Barclay, Shawn Ryan, Hank Perlman and Corky Quakenbush are already set to direct “1MMs,” which will contain 30 seconds of action leading into a 30-second resolution. Ten pics have already been shot, and Zucker hopes the films will give viewers an incentive to stay tuned to the net.

It’s also possible some of the vignettes could evolve into series.

  • Following the success of a “Behind the Camera” telepic focusing on “Three’s Company,” NBC alternative/longform topper Jeff Gaspin is developing a take on “Charlie’s Angels” for next summer.

  • After previously insisting the “Coupling” pilot would air as filmed, Zucker said an oral sex reference to “swallowing” will likely be reworked to remove the offending word from the pilot’s cold open.

“There was no advertiser problem with this, we just decided after thinking long and hard,” he said. “We don’t want that to be the first image of the show.”

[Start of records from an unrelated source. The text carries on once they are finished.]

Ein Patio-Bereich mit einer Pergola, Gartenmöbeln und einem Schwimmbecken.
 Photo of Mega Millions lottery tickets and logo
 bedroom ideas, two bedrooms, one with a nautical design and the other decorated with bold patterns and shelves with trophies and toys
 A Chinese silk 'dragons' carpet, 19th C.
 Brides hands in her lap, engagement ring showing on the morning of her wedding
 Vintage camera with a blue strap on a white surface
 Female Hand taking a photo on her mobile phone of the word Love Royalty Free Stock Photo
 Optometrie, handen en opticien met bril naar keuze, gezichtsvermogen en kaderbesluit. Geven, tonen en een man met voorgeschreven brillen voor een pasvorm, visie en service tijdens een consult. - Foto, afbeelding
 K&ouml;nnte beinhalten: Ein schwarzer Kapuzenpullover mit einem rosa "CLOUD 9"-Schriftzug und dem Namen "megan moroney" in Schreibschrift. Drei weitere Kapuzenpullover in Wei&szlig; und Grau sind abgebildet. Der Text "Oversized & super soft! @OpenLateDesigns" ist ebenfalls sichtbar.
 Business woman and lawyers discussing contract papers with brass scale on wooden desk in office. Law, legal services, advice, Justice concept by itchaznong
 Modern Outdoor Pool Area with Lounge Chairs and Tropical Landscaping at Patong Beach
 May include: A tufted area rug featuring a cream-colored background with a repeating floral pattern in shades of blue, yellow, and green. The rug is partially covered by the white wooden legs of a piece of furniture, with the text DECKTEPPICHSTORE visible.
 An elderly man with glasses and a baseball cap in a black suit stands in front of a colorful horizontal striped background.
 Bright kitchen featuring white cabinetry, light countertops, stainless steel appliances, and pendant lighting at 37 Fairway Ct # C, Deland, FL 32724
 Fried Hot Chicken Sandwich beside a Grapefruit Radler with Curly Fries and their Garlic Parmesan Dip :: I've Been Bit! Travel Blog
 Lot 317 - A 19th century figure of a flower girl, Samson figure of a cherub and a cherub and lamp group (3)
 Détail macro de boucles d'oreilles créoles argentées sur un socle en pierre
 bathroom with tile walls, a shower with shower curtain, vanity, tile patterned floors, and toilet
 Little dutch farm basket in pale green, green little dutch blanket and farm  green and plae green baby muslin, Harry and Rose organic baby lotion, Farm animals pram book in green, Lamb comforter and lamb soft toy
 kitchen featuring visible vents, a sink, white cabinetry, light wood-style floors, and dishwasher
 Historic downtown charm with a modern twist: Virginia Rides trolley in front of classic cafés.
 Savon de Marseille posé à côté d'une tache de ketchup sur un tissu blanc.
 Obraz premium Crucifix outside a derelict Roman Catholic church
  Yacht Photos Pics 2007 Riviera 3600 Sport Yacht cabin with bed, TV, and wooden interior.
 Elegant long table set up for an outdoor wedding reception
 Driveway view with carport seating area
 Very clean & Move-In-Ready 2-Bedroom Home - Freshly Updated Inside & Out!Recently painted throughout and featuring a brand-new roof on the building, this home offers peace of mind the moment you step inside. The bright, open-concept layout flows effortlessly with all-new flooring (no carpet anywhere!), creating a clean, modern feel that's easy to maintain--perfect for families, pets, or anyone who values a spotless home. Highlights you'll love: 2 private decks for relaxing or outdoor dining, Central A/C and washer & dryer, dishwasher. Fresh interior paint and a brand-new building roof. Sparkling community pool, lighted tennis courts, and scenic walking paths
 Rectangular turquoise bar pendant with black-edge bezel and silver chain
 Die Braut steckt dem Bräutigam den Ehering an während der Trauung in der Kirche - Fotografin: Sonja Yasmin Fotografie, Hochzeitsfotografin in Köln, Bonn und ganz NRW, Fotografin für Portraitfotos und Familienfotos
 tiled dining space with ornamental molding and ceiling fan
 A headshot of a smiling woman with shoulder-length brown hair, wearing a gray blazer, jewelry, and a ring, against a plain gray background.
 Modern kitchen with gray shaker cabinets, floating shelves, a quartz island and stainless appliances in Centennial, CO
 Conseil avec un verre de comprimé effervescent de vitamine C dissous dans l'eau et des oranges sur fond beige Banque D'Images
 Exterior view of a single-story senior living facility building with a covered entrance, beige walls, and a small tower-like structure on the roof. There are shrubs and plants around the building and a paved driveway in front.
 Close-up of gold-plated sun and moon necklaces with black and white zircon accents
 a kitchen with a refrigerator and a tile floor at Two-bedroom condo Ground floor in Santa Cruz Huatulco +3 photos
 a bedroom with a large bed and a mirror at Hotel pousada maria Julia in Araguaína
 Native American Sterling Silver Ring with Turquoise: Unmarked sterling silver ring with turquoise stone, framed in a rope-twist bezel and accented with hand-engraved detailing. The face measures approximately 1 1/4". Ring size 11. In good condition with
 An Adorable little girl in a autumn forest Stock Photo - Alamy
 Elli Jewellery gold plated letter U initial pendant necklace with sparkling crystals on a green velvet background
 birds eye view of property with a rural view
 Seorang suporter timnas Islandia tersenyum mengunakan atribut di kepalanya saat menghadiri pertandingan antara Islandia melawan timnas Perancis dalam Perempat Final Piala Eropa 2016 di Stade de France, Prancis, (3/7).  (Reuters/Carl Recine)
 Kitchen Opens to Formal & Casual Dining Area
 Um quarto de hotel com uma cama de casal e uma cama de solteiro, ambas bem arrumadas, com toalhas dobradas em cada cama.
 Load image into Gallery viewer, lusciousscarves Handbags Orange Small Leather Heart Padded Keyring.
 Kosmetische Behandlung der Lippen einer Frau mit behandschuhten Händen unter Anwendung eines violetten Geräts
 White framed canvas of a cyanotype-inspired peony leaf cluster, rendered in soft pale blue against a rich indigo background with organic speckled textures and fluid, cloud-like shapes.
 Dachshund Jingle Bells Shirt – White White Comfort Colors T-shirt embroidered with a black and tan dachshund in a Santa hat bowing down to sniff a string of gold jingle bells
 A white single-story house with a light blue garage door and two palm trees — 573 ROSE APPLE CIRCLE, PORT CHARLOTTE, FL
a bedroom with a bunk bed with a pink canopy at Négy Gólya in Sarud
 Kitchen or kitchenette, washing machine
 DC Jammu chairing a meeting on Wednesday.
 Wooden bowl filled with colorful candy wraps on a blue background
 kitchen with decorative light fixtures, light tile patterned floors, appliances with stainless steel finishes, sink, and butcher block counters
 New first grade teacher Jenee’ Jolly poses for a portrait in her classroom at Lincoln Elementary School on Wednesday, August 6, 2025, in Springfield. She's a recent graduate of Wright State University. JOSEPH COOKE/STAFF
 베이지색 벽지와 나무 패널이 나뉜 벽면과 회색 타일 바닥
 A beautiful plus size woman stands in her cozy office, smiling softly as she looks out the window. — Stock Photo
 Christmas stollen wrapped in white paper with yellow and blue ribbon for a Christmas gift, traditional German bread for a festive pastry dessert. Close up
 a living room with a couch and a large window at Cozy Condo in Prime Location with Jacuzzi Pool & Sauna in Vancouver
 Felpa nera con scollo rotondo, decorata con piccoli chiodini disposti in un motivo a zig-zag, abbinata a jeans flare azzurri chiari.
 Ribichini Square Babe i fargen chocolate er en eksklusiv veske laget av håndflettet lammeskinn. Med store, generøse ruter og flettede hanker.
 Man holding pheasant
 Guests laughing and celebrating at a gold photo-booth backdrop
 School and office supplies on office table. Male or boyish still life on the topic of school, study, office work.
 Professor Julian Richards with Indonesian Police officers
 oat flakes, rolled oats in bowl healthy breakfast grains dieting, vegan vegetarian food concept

  • Zucker said a final decision on the fate of “Frasier” would be announced sometime this fall — giving the show enough time to wrap things up, but avoiding having to promote the final season of both shows at the same time.

  • Zucker said he and U-based Dick Wolf are both interested in a fourth “Law & Order,” confirming a report last spring in the New York Times.

“But there’s nothing going on while Vivendi is still up in the air,” he said.

  • NBC probably won’t pursue original scripted fare in the summer anytime soon, a shift from Zucker’s previously-stated goals. “It’s not something that we believe in yet,” he said.

  • Exec defended using “Access Hollywood” anchor Pat O’Brien as a correspondent on “Dateline NBC,” saying O’Brien “adhered to the strictest standards” of the news division when reporting for NBC News. Zucker said it’s OK if O’Brien adheres to less stringent standards when working only for “Access.”

  • “Third Watch” will air in widescreen format this fall, while John Wells-led “The West Wing” has enlisted a new team of scribes that includes Carol Flint, Alexa Junge, Peter Noah, Lawrence O’Donnell, Paul Redford, Josh Singer, Eli Attie, Deborah Cahn and Mark Goffman.

  • Tiffani Thiessen will appear in first three segs of “Good Morning, Miami.”